Tom Ford gestisce il linguaggio cinematografico in modo troppo estetizzante, sacrificando la dimensione narrativa delle sequenze. Non c’è grande pazienza nel costruire le tessiture, perché per il regista ogni immagine deve essere icastica. E allora sono i personaggi a raccontare i loro problemi, ma noi non li vediamo davvero reificati nella messa in scena. I protagonisti si descrivono a vicenda e noi non possiamo far altro che credere loro. Ma questo rende poco efficace la loro caratterizzazione e smorza in parte la potenza e la necessità dello spirito vendicativo del romanzo.
Le dinamiche delle indagini sono tutt’altro che indimenticabili. Anzi, si fanno notare per il loro ritmo blando e l’essenzialità degli elementi in gioco. Non è proprio una storia avvincente quella di Tony, è un lento macerarsi nella frustrazione (e questo va bene), che aggiunge poco al risultato complessivo delle vicende. Si poteva asciugare questa parte e dare maggior consistenza agli sviluppi nella vita reale di Susan, che invece sono del tutto minimali.
Alcuni dialoghi sono anche validi, ma la maggior parte del copione si fa notare per l’impronta didascalica data da Ford.
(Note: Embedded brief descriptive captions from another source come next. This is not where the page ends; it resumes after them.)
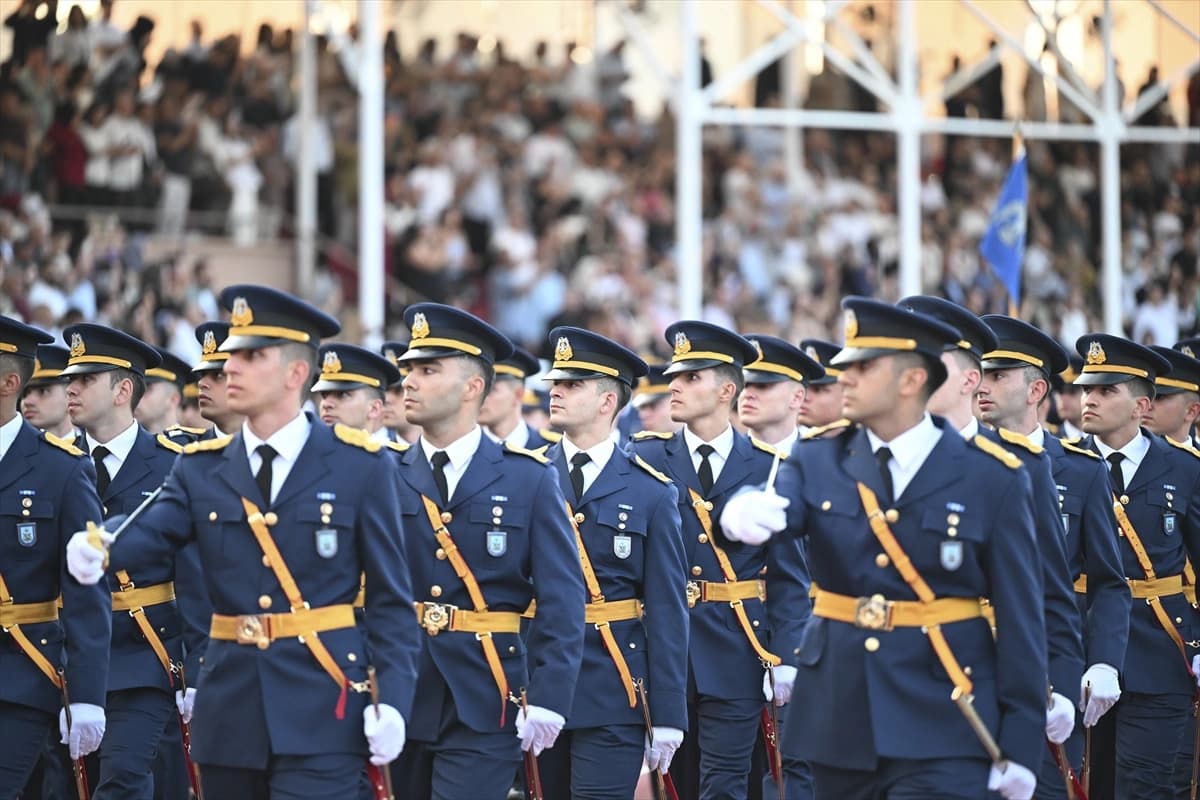 Türk Silahlı Kuvvetleri'ne taze kan | Genç Teğmenler ordu saflarına katıldı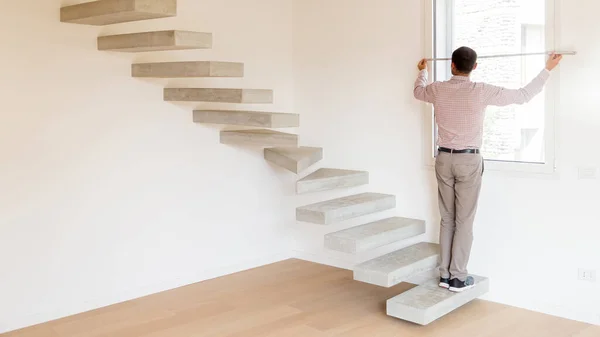 Arquiteto Tomando Medidas Uma Janela Novo Apartamento Conceitos Casa Manutenção — Fotografia de Stock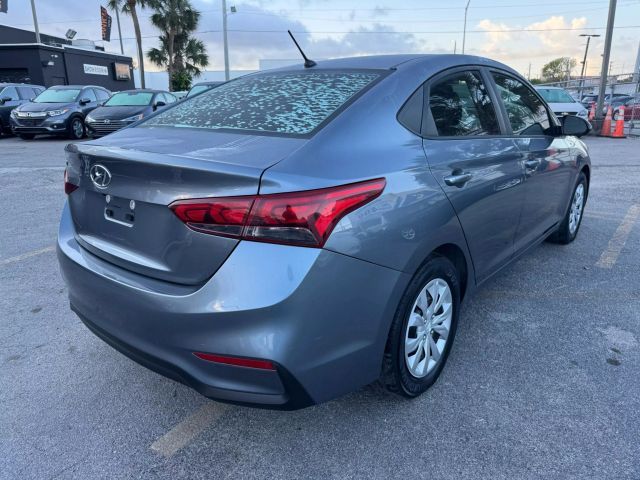 2020 Hyundai Accent SE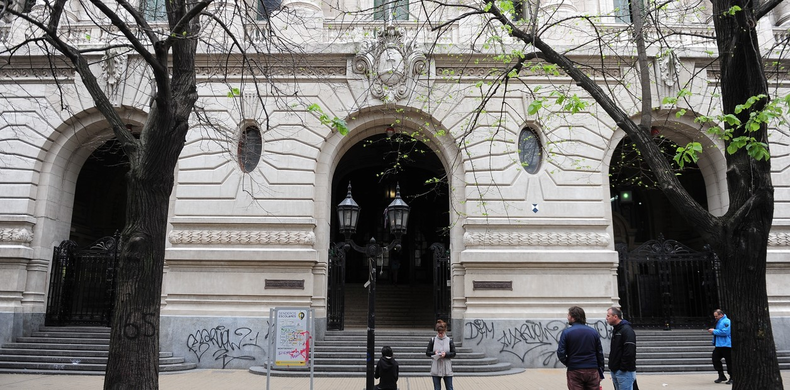 El Colegio Nacional de Buenos Aires prohibió el uso de celulares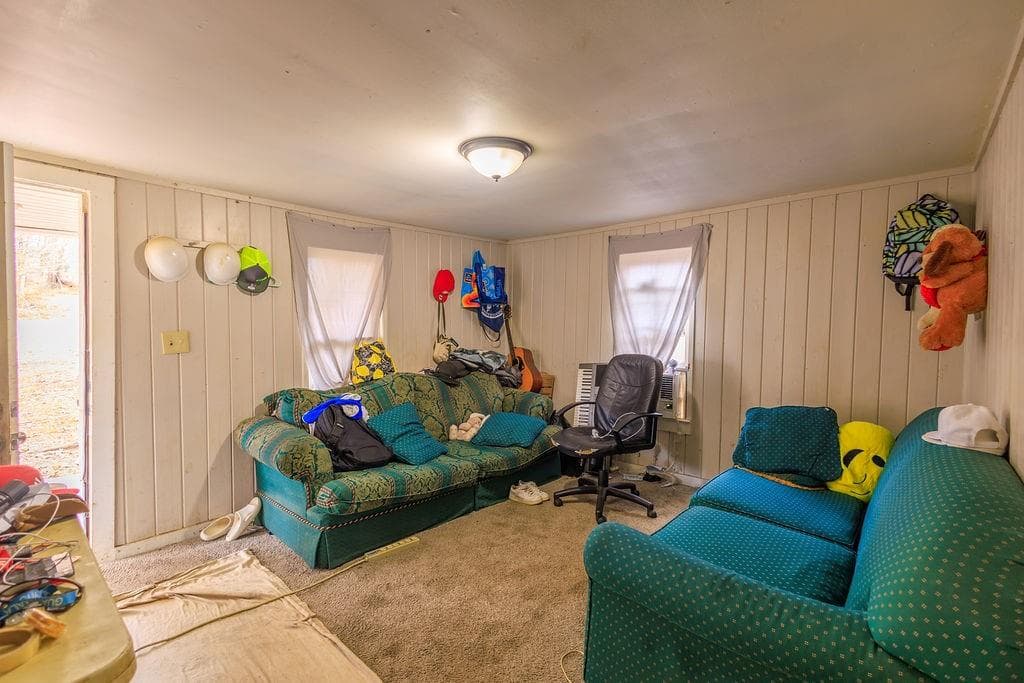 3 bedroom, 1 bathroom, 768 sq ft single family residence for sale at 100 Daisy Circle, Canton, GA 30114 — photo 4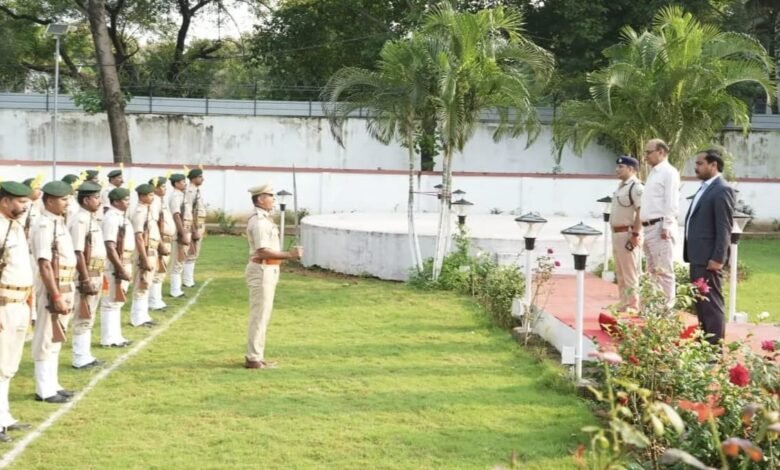 साहिबगंज पहुंचे हाइकोर्ट के न्यायाधीश अखिल कुमार, गार्ड ऑफ ऑनर से हुआ भव्य स्वागत साहिबगंज पहुंचे हाइकोर्ट के न्यायाधीश अखिल कुमार, गार्ड ऑफ ऑनर से हुआ भव्य स्वागत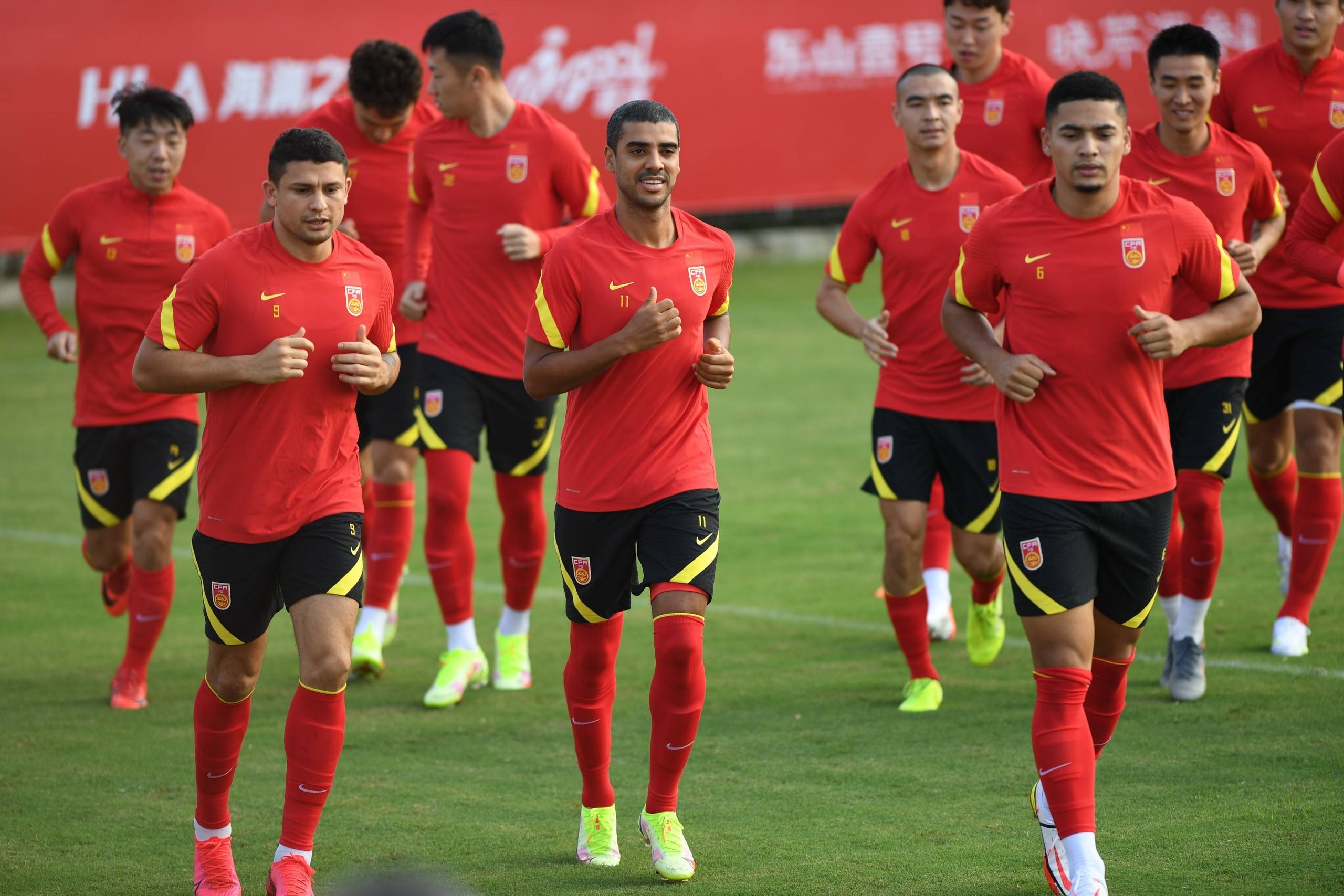 AG百家乐-包含队内默契配合，球队整体实力得到提升的词条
Insomma, tutto è scandito in modo troppo nitido, diluendo in questo modo la corrosiva asprezza delle vicende. Lo spettatore non è mai incalzato dalle scene, ma al contrario le attende, nel loro dipanarsi un po’ pachidermico.
Il talento di Ford sembra più fertile nell’impostazione visiva dell’immagine e delle sequenze. Il nitore con cui vengono concepite le scene è notevole, così come la cura nei dettagli estetici dei personaggi, per evidenziare i loro cambiamenti interiori e il passare del tempo che li logora. Bisogna anche dire che le sequenze erano tutte decisamente facili da girare. Le parti più complesse (e ambiziose) vengono saltate con ellissi furbesche. Vediamo quasi sempre e solo persone dialoganti. Scene curate, nelle luci, nella tonalità cromatica della fotografia, nei paesaggi, nelle pettinature e nei costumi, ma fondamentalmente scene elementari.